W poście znajdują się linki afiliacyjne. Oznacza to, że jeżeli zakupisz wycieczkę, lot lub nocleg z mojego polecenia, otrzymam za to niewielką prowizję. Ty nie dopłacasz ani grosza. Dziękuję za wsparcie, dzięki Tobie jestem w stanie opłacić bloga!
Spis Treści
Wyruszamy do Minca
Kupiliśmy bilety w małej kasie na dworcu w Santa Marta, gdzie uśmiechnięty sprzedawca ucieszył się na mój widok, niczym na szczeniaczka i krzyknął: „wow, wyglądasz jak marakuja”. Cóż, chyba powinniśmy zmienić nazwę bloga, bo nasz kolor wcale nie jest taki jednoznaczny.

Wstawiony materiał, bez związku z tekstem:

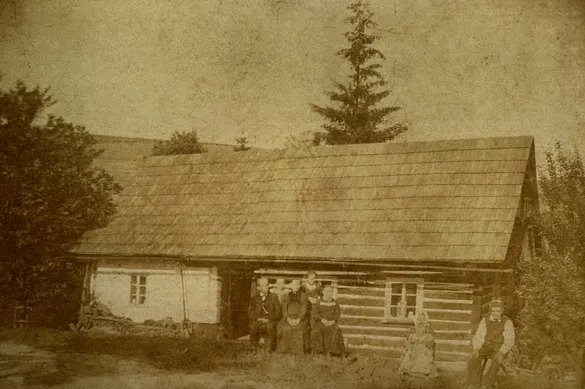Historická fotografie chalupy s rodinou z 19. století
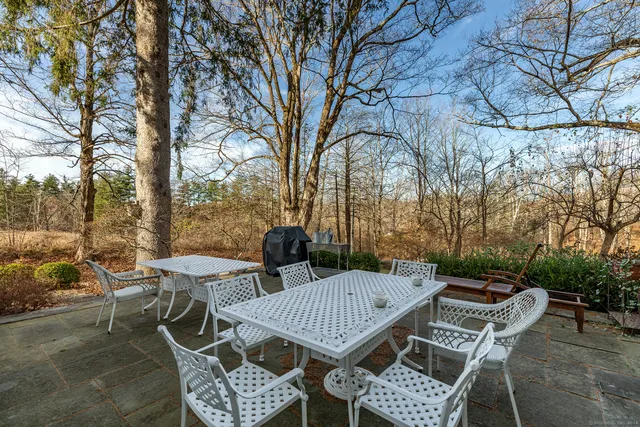 a view of a patio with table and chairs and couches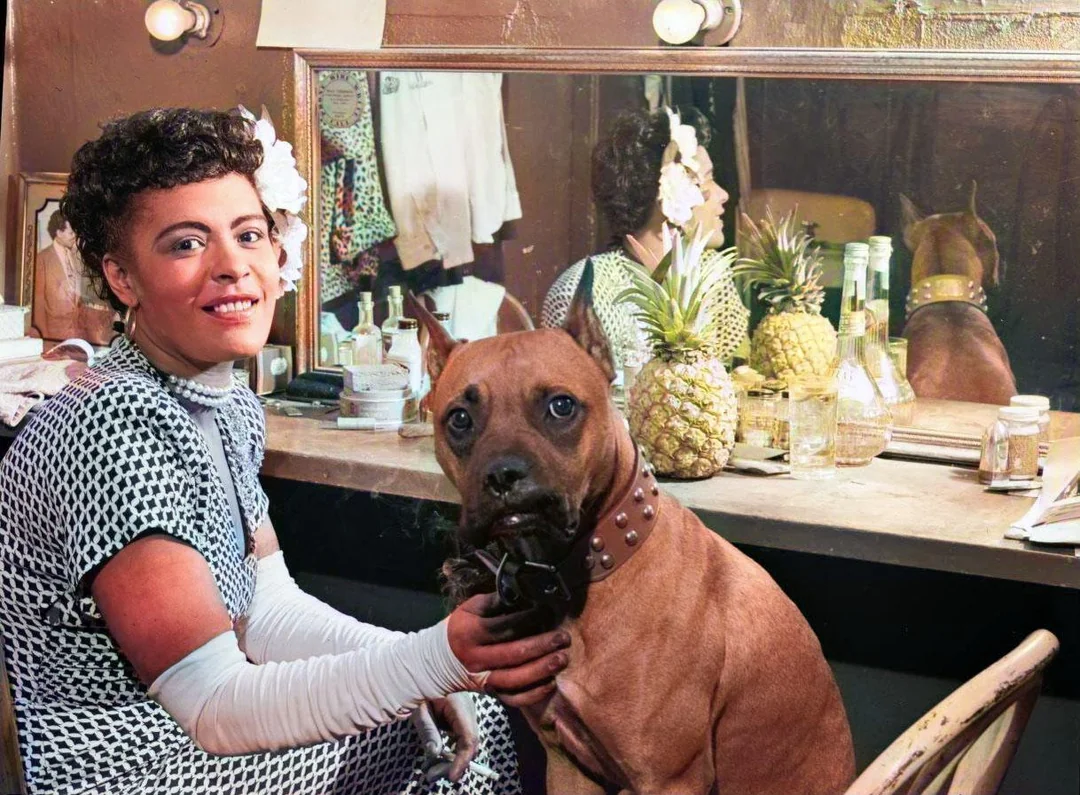 A woman in a checkered dress with white gloves sits at a vanity table, smiling, while a brown dog with a studded collar sits beside her. The table holds bottles, a pineapple, and a mirror reflecting the scene.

Wsiedliśmy w malutkiego busa, wrzucając plecaki na dach. Na całe szczęście kierowca przykrył je plandeką, bo chwilę po wyruszeniu okropnie się rozpadało. Lało tak przez kilka godzin. Na tyle, że po kilkunastu sekundach na zewnątrz wyglądaliśmy jak zmokłe kurczaki. Lokalni taksówkarze zbiegli się, by zaoferować nam przejazd. Jednak do hostelu mieliśmy zaledwie kilkaset metrów. Uznaliśmy, że najgorsze przeczekamy na prowizorycznym dworcu z wiatą.
Obserwowaliśmy jak ludzie wariują na ulicy, biegając z parasolkami wyginającymi się od wiatru. W pewnym momencie oczy wszystkich skierowały się ku jednej Pani, a taksówkarze zaczęli do niej krzyczeć. Spojrzeliśmy do góry, na słup wysokiego napięcia. Który zaczął płonąć. Myśl techniczna Ameryki Południowej głosi bowiem, że linie energetyczne mogą być splątane niczym sznur lampek choinkowych przed świętami. I przytulone do drzew, jak ta choinka z lampkami. Na szczęście nic się nie stało, a Pani udało się zbiec chwilę przez małym wybuchem. Na wszelki wypadek do hostelu doszliśmy, trzymając się jak najdalej od możliwości podpalenia głów.
Docieramy do naszego homestay’a – Akainoie
Docieramy do hostelu, który okazuje się całkiem zadbanym homestay’em. Właściciel od razu proponuje zniżkę za anulowanie rezerwacji przez booking. Dostajemy też darmowy upgrade pokoju i zamiast klitki ze wspólną łazienką, otrzymujemy sypialnię małżeńską. W wielkim domu, z cudownym tarasem. Aż do naszego workaway w Kostaryce, nigdzie nie widziałam równie pięknego widoku z balkonu.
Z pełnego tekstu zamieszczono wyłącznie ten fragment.